Minutes later, we met Diana inside Buric's house. She was on sale.
"The competition is so tough lately. They are bringing in beautiful girls from Ukraine and
I'm losing my business," Buric's wife complained to Dwarf. She was carrying a baby in her
arms. "Nobody wants my girls anymore. They'd rather pay extra and go with those long-legged
girls. We're living hard times."
She talked very openly, as Dwarf explained that I was a good friend and that he wanted to buy
the girl for himself.
"OK, Dwarf, do you want her or not?" the woman asked, pushing Diana forwards into the light.
She looked about 16 but the woman insisted she was 19. "She's not sick. The only thing is
that she eats too much. She always asks for food," Buric's wife added.
We returned to the car, took some of the money and Dwarf paid the woman for Diana.

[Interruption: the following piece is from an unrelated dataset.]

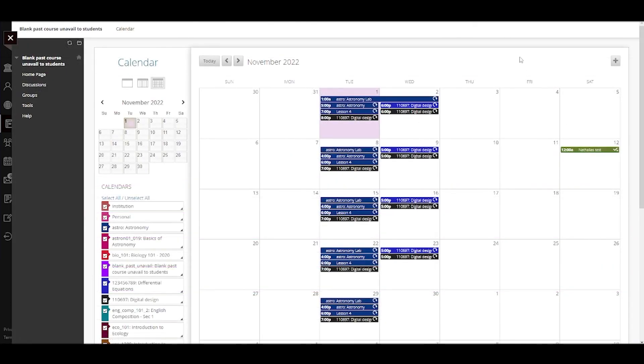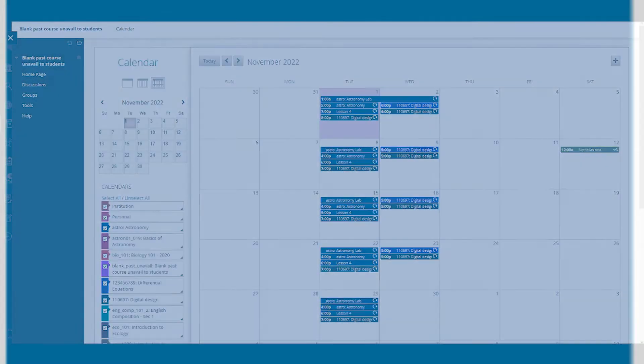And finally, all of this is true for courses in the original view as well. So, when you're planning your day, remember, it's your time. Use the calendar to help you make the most of it.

The temperature outside was minus five degrees Celsius and the girl was wearing only a thin
skirt, high heels and no socks.
"Please give her a jacket or something. It's too cold outside for her," I told the woman
who was counting her money after handing the baby to Dwarf.
"We don't have any other clothes for her. Don't you see we are poor? She won't die. She's
used to cold," the woman replied without even a glance. Happy with the money she had got,
she told us she could sell us some other girls, too.
We held Diana's hand going back to the car because the narrow street was covered with
ice and she was stumbling in her high heels. She was confused and kept asking us what we
were going to do with her. Dwarf assured her that she was going to be OK and that "her
stars had just changed".
We left the grateful trafficker in front of the railway station after he counted his money
on our hidden camera. With the money in his hands he seemed relieved.
"Wow. Good. Good business. I was so afraid I'd be arrested. Give me your phone number and
I'll call you when I have another girl on sale," he said. We declined and headed off.
GIMME SHELTER
In the car, Diana burst into conversation. "Are you sure you're not giving
me back to Buric? Who's going to marry me? Buric and his wife beat me, " she said. " He cut
me with a knife. He kept me in the dog kennel on New Year's Eve. They forced me in there
naked and it was so cold. I don't want to return there. Ever. Why did he turn this way?
You're driving back to Buric. I'm scared. Please, don't give me back."
Diana continued to voice her fears throughout the one-hour journey to the women's refuge
in Pitesti. She was so confused that she couldn't believe she was on her way to a shelter
where she would be taken care of. Sitting in the back seat, she offered the one thing she
was forced to surrender continually while in the traffickers' hands: sex.
She couldn't believe her eyes when we stopped at a petrol station and bought chocolate,
sodas and cigarettes. She didn't even smoke but wanted to see if we would buy her everything
she asked. I knew she did not smoke when she asked me to buy a cigarette brand that had
vanished a long time ago. She ate the chocolate in seconds and asked for food.
Finally, we met Iana Matei. It was after midnight. She let Diana finish her Big Mac and
fries before introducing herself. Then we all went to an apartment owned by the shelter
organisation. It would become Diana's home, shared with five other girls picked up from
the streets, but - to her delight - including her own bed.
At the shelter, Diana started telling us her story. She had been on the streets for
years since disaster struck her family in Timisoara, in western Romania and she was
separated from her brother and parents. While working as a prostitute, a client had
promised to marry her.
"But he never came back. I don't know why. I wanted to take care of him. I want to wash
for my man. I want to cook for him. And I want six children. Twins." Diana said, while
showing us the wounds from the chain with which she was beaten.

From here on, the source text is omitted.